The Suns fired him midway through 2016, but coaching Hall of Famer Phil Jackson, then running the New York Knicks, selected him as that team’s head coach just three months later. There, Hornacek spent two years with the NBA’s biggest city’s biggest franchise, trying to integrate parts of Jackson’s Triangle offense with more modern techniques. A Kristaps Porzingis ACL tear in his second season doomed the Knicks to a poor season, though, and Hornacek was let go again. Later, Hornacek spent two years as an assistant for the Houston Rockets before looking for his next opportunity.
Hardy didn’t know Hornacek well before the then-34-year-old became Utah’s sixth-ever head coach in the summer of 2022, though Hardy and Hornacek shared an agent: Creative Artists Agency’s Spencer Breecker. Hardy wanted someone to help develop his own coaching acumen as he went through the early stages of his career, however, and the Jazz happened to have someone with a resume with significant head-coaching experience on speed dial.
“It would have made sense even if he weren’t a franchise legend,” Hardy said, “but he’s a franchise legend.”
The pair met, and hit it off nearly immediately. Hornacek’s title is coaching consultant, but really, he’s a coaching confidant, Hardy says.
“He’s been a really, really good friend and confidant and in some ways like a mentor for me in this role, because he also knows what it’s like to be a head coach and a first-time head coach,” Hardy said. “There are tough moments during the season where sometimes he just offers a ‘Hang in there, you’re doing what you should be doing.’ It’s just a tough stretch over 82 games and so he’s been a really calming influence for me.”
What they talk about on those post-game phone calls varies. Sometimes, it’s one coaching detail they’ll discuss, a timeout or a specific play. But sometimes, Hardy needs the birds-eye view of someone who isn’t blinded by the trees in the forest of an 82-game season.
“When you’re head coach, you talk with the owner, deal with the business side, the marketing, press, everything else. You get so involved as the coach at the game and then the practice,” Hornacek said. “Sometimes, you need to see from a distance.”
That’s where the vet can help the young coach most.

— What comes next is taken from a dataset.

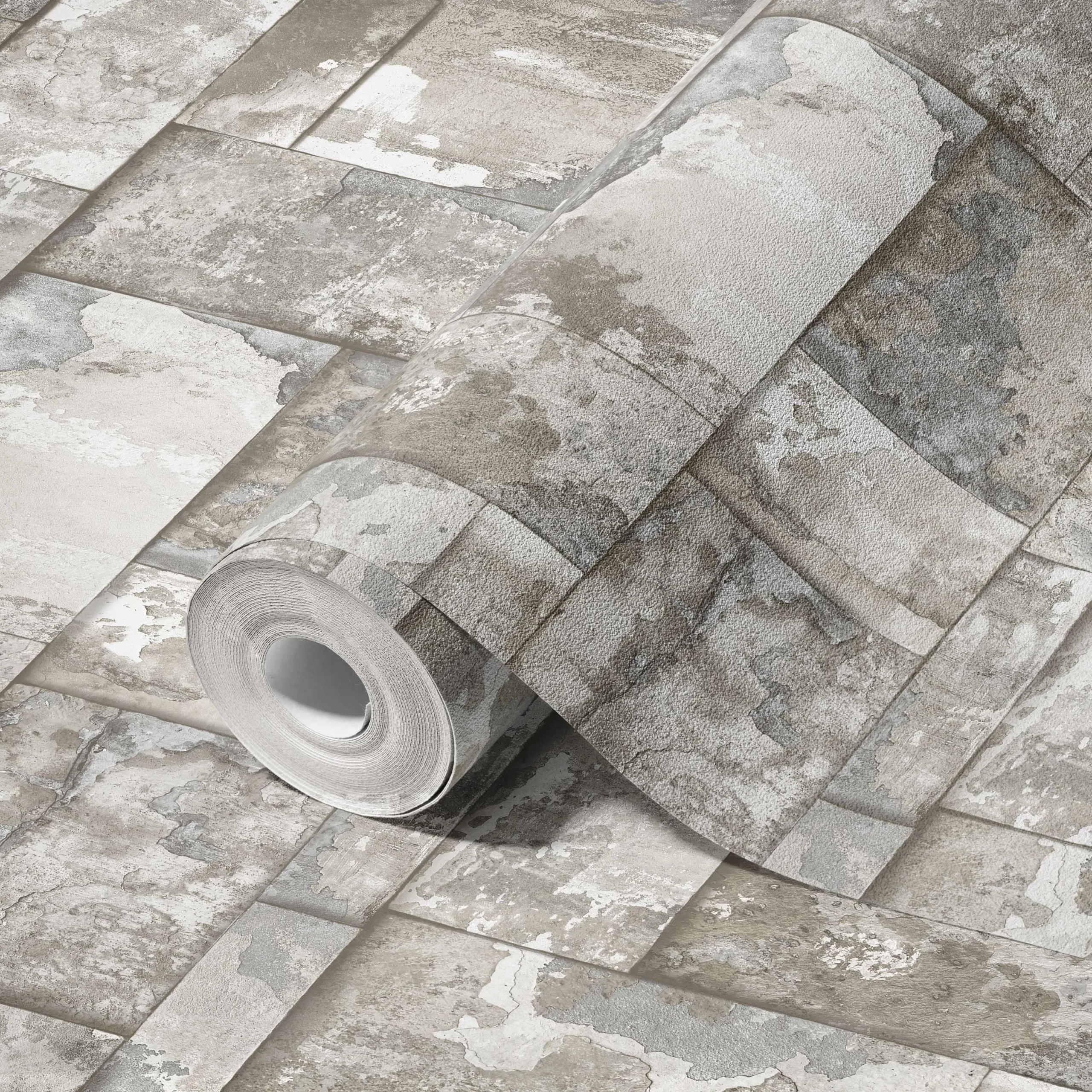 Gray Embossed Wallpaper – 3D Stone (23106-2)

“The good part about having somebody in Jeff’s position is that he’s not bogged down in the day-to-day minutia. So he’s not, like, tainted by our coaches’ meetings. As a staff, sometimes we can get into weeds and so every now and then Jeff’s able to say something to me that sort of redirects my focus because it’s so big picture,” Hardy said. “And so it’s like, ‘Oh wow, like, no s---. Wow, am I missing that?’”

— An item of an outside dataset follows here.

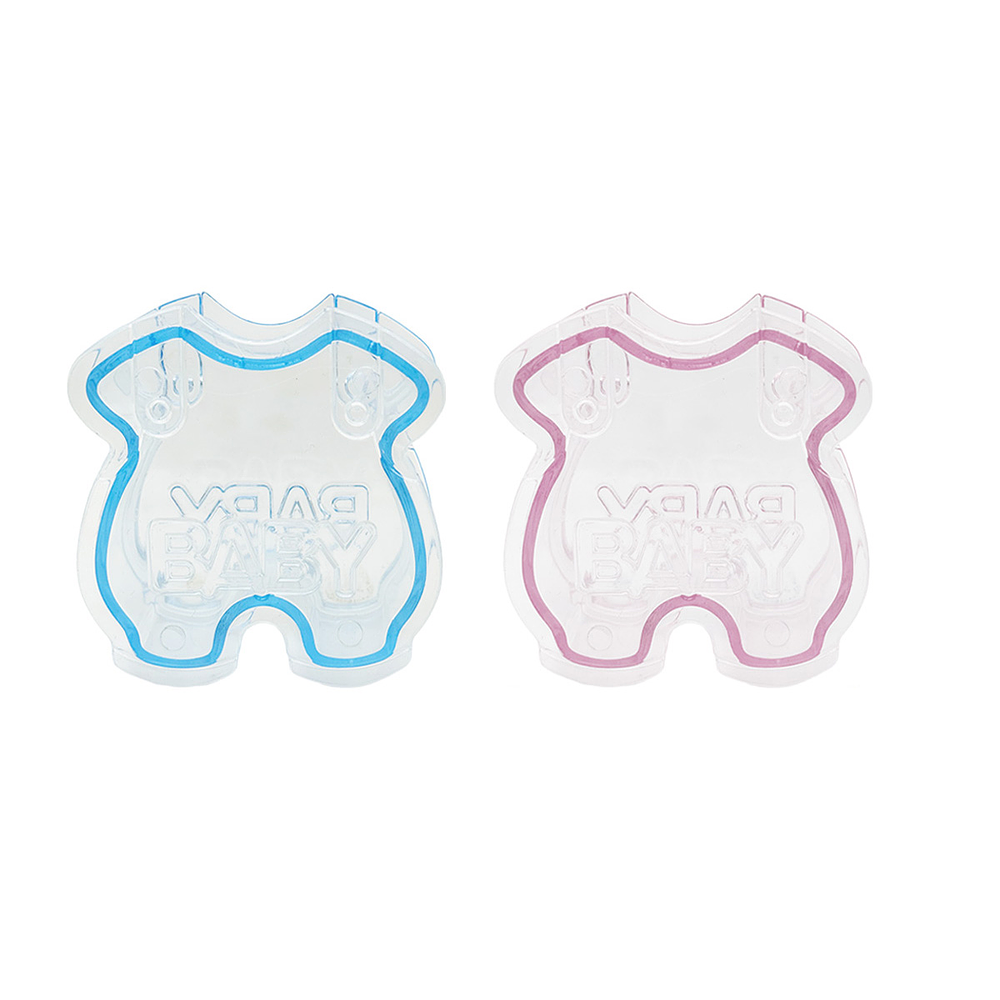 Caja plástica forma overol Baby 7.2*7.4cm 1pc Color Aleatorio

Over the course of his career, Hornacek played for some legendary coaches. In college, he played for a National Coach of the Year winner in Johnny Orr; in Phoenix, he played for Hall of Famer Cotton Fitzsimmons. Of course, he joined Sloan in Utah after a trade in 1994, and in his NBA coaching tenure, he has rubbed shoulders with some of the league’s best-ever coaches.
Hornacek, though, sees a bright future for the second-year coach.
“One thing I’ll say: Will’s really good,” Hornacek said. “I don’t really have to do a whole lot.”